● Caption-style text data
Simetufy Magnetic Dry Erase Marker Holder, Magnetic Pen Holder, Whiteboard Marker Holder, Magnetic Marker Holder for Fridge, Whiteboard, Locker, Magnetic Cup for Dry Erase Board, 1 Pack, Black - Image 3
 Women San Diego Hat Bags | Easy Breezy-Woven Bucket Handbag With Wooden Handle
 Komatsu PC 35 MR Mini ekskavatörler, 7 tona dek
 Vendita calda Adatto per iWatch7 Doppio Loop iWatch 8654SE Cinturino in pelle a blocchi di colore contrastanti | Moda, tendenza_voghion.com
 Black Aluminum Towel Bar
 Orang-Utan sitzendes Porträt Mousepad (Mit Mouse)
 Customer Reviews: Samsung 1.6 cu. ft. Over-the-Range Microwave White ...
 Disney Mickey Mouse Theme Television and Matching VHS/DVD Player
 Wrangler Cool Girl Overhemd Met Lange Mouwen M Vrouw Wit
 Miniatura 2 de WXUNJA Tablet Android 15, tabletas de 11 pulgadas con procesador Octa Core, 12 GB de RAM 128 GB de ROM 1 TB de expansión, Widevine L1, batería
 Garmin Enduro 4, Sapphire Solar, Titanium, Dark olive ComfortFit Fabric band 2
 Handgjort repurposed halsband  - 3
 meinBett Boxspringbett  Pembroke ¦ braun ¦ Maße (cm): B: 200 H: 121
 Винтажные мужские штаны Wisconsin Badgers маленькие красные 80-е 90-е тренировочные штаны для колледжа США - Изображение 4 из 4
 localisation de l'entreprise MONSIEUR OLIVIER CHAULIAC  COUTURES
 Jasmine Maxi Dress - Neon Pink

● TASK REQUIREMENTS
What lines above hold the word "Black"? Pull each one out.

● RESPONSE
Simetufy Magnetic Dry Erase Marker Holder, Magnetic Pen Holder, Whiteboard Marker Holder, Magnetic Marker Holder for Fridge, Whiteboard, Locker, Magnetic Cup for Dry Erase Board, 1 Pack, Black - Image 3
 Black Aluminum Towel Bar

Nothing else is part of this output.